I did finally get over my fear, and started typing up the project. I think I might die before I finish doing so. I didn't get 3000 words typed up, and my wrists were just aching. I still have a lot to go--I didn't even get through pink, which is where I started out at. Still, lots of words is a good thing, right?

More importantly, I haven't lost ideas or drive for this story yet. I actually got an idea for a new scene as I was falling asleep last night, and a way to change another one. So, I am just going to keep going, and working, and hope it stays good with me.
 
 
Current Mood: awake
Current Music: "Taste For Harmony", Union of Knives
 
 
D. Giovanni
11 December 2008 @ 11:38 am
I really need to just type this damned mutant story up (tagged as "black hole" because that is what said bunny named itself. Yes, it named itself). My problem is that I am afraid to. I have something like a hundred pages written out by hand (not all that impressive. It's only a 6X9 notebook), and I'm afraid if I start typing it up, that I'm going to lose it.

Not lose the file (though that is in and of itself a valid concern, with as dicey as my home computer is), but lose the idea. I just...have this idea that if I start typing it up, and trying to do something real with it, the idea will die. That the file will just sit in my computer, and do nothing.

How do I overcome this feeling?
 
 
Current Mood: scared
Current Music: "Vitamin R", Chevelle
 
 
D. Giovanni
08 December 2008 @ 06:16 pm
Has it really been six months since I last updated this journal? Wow. Nice job keeping up on having a writing journal there, D. I'm going to say that I've been too busy writing to keep up with this. Yeah, that sounds good.

In any case, let me just cap up what's been going on: On the first of November, I got hit by a story idea. Now, I don't mean that in an "it came to me" way, so much as "viciously attacked me like a Detroit mugging". And the more I wrote, the more stuff just kept getting added to it, ripped from all sort of different sources.

I've been writing on it as much as I could, and have gotten quite a bit done so far. I was a little stuck with a character, though. Mostly because of his nature (obnoxious and talks in circles).

[info]misskalloway most generously offered to do a little roleplaying session with me, so I could get into his head a bit more. She really doesn't roleplay, but is a fantastic writer, so I jumped at the chance.

All I had been expecting to come out of it was to understand his speaking and thoughts a little more, but what I got was much more.

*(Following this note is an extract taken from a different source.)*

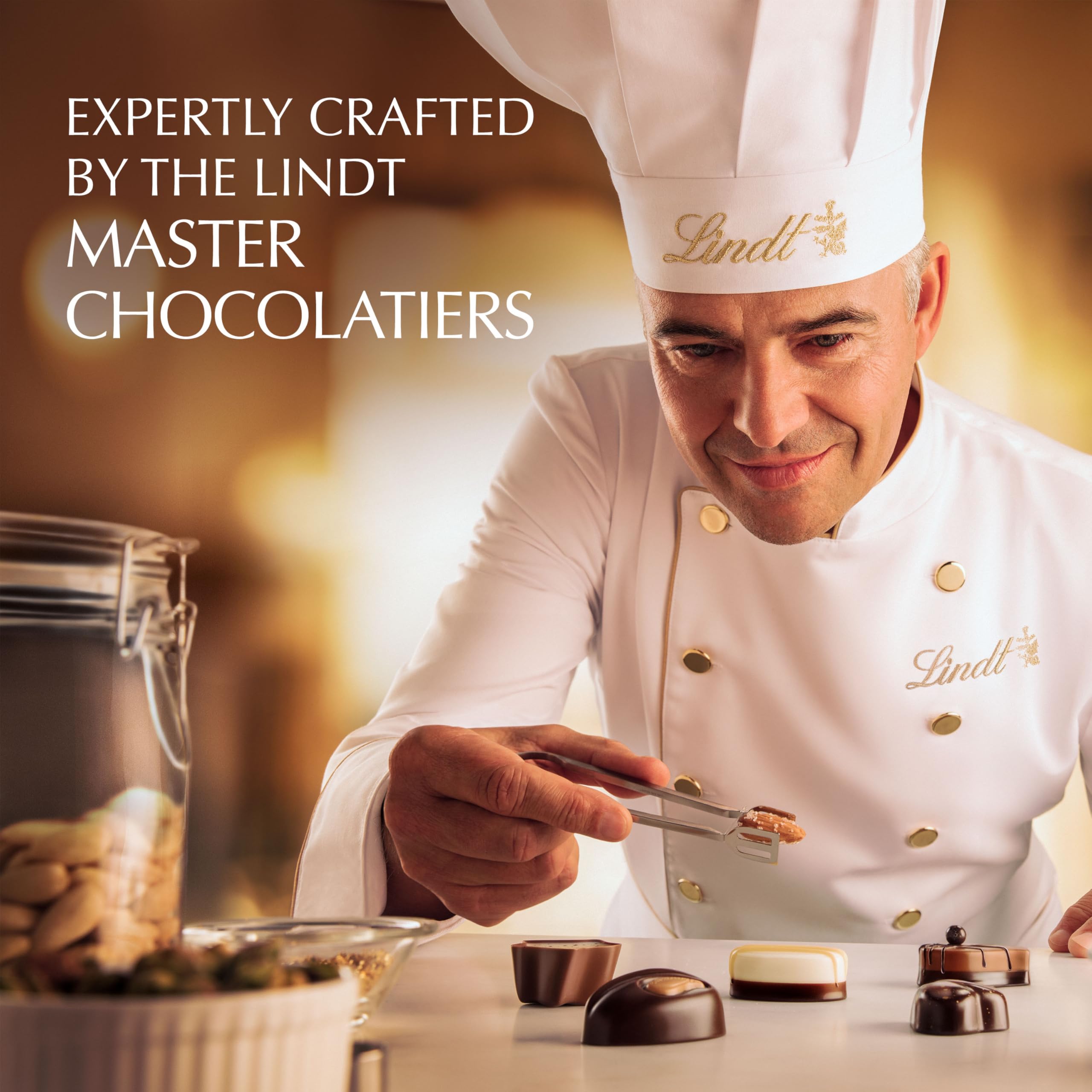 Lindt embalaje de regalo con etiqueta, ideal para ocasiones especiales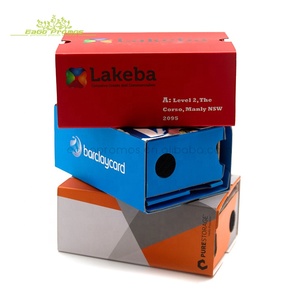 شعار مخصص صنع 3D مطوية سماعات Vr 2.0 الواقع الافتراضي كرتون V2.0 نظارات - Product Image 6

He finally told me a question I've been wondering an answer to for a long time. And knowing the answer to that started to drop so many other plot issues into place.

I'm not saying that it fixed everything--it didn't--but there is so much lined up now. I sat staring at my monitor for a long time, just feeling utterly stunned before I went to bed.

When I woke up this morning, I felt very peaceful, and went about my day. A few minutes ago, the story started to morph again. No, not morph. It went through mitosis. It wants another in addition to the one I am writing. A prequel.

I am going to try another session tonight with another character who hasn't been talking to very much, this time with [info]blackjackrocket. I'm almost a little afraid of what will come of it.
 
 
Current Mood: shocked
Current Music: "Angel With The Scabbed Wings", Marilyn Manson
 
 
D. Giovanni
11 June 2008 @ 08:10 am
My writing streak is officially over. I was holding out hope for a while, but it's dead, Jim.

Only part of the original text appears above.